Vietnam’s government has approved a sharp rise in the amount of surplus electricity that eligible rooftop solar systems may sell to the grid, increasing the general limit from 20 per cent to 50 per cent of total power generated.
The revision is set out in a newly issued decree amending regulations on renewable energy development and the direct power purchase mechanism.
It covers self-produced, self-consumed rooftop solar power systems that fall within the categories specified under the new rules.
Installations that may sell excess electricity include rooftop solar systems on detached residential homes, along with self-produced, self-consumed systems connected to the national grid at a low-voltage level.

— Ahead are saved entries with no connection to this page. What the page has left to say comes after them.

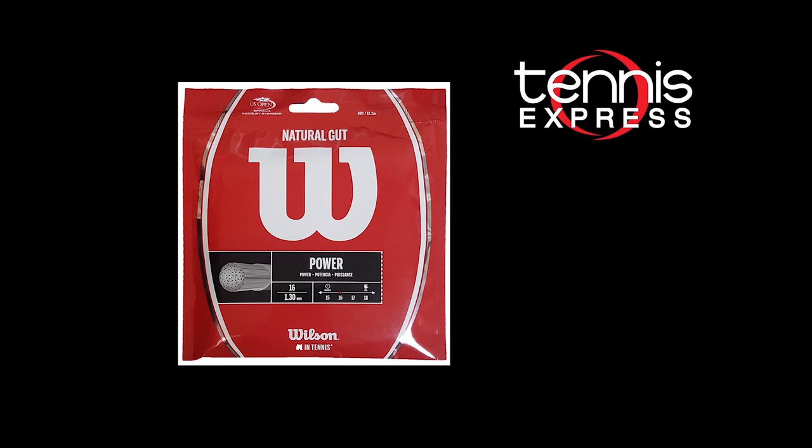Del Potro's weapon of choice is a custom Wilson racket strung with alu power in the mains and natural gut in the crosses.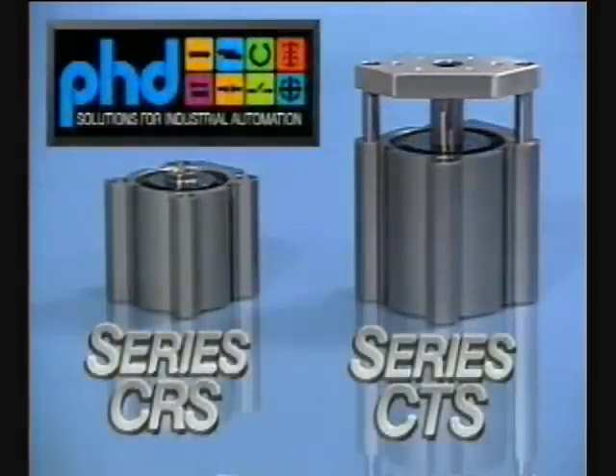PHD is proud to introduce the Series CRS and Series CTS compact cylinders, both available at very competitive prices.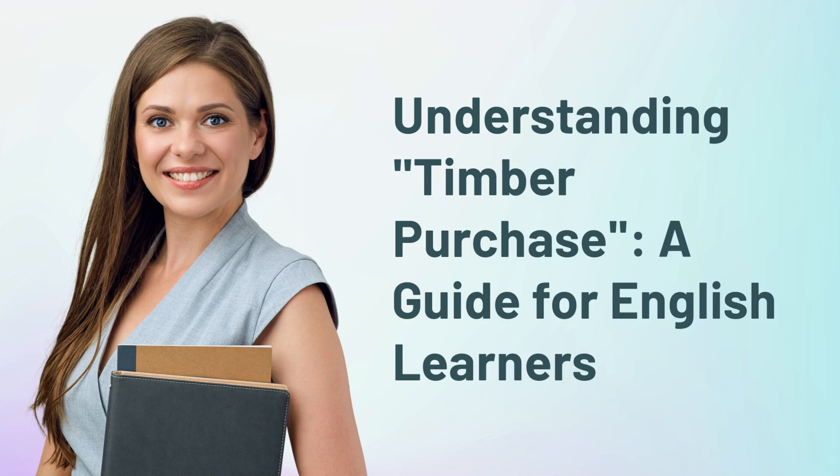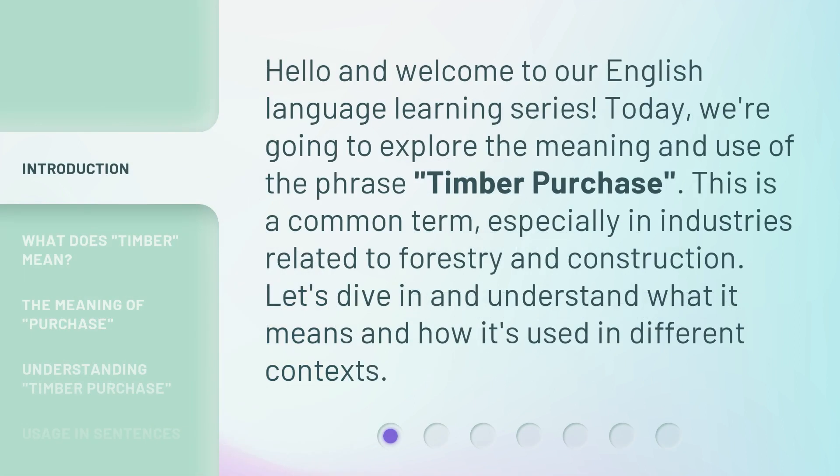Understanding Timber Purchase: a guide for English learners. Hello and welcome to our English language learning series. Today, we're going to explore the meaning and use of the phrase 'timber purchase.' This is a common term, especially in industries related to forestry and construction. Let's dive in and understand what it means and how it's used in different contexts.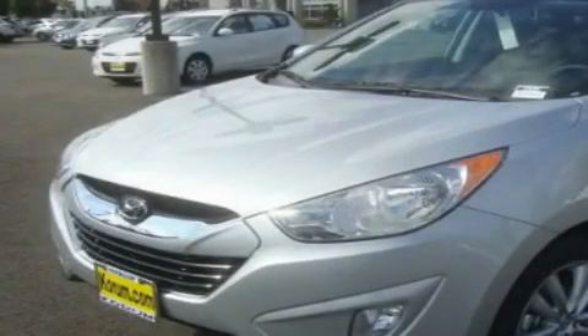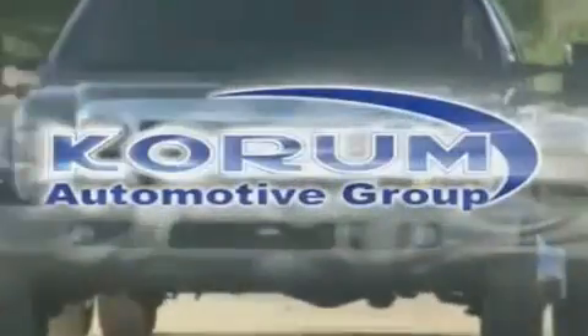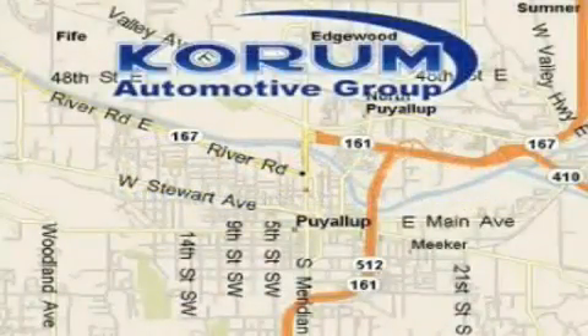We invite you to contact us today to learn more about this vehicle. Corom Automotive Group is located at the corner of River Road and Meridian in Puyallup.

The same eligibility also applies to systems in mountainous, border and island areas where local power grids exist but are not linked to the national power grid.
Self-produced, self-consumed rooftop solar power systems installed on public assets are also covered by the decree.
The decree allows the sales limit to rise above 50 per cent from its effective date of June 26 until December 31, 2030, but only where the local power grid has enough capacity to absorb the electricity and all grid safety and system operation requirements are met.
For rooftop solar systems in mountainous, border and island areas that are not connected to the national power grid, there will be no cap on the volume of surplus electricity that can be sold.
The purchase price for excess output will be calculated according to the previous year’s average electricity market price.
However, if that price is higher than the ceiling price for ground-mounted solar power without battery storage under the applicable regional pricing framework, the ceiling price will apply instead.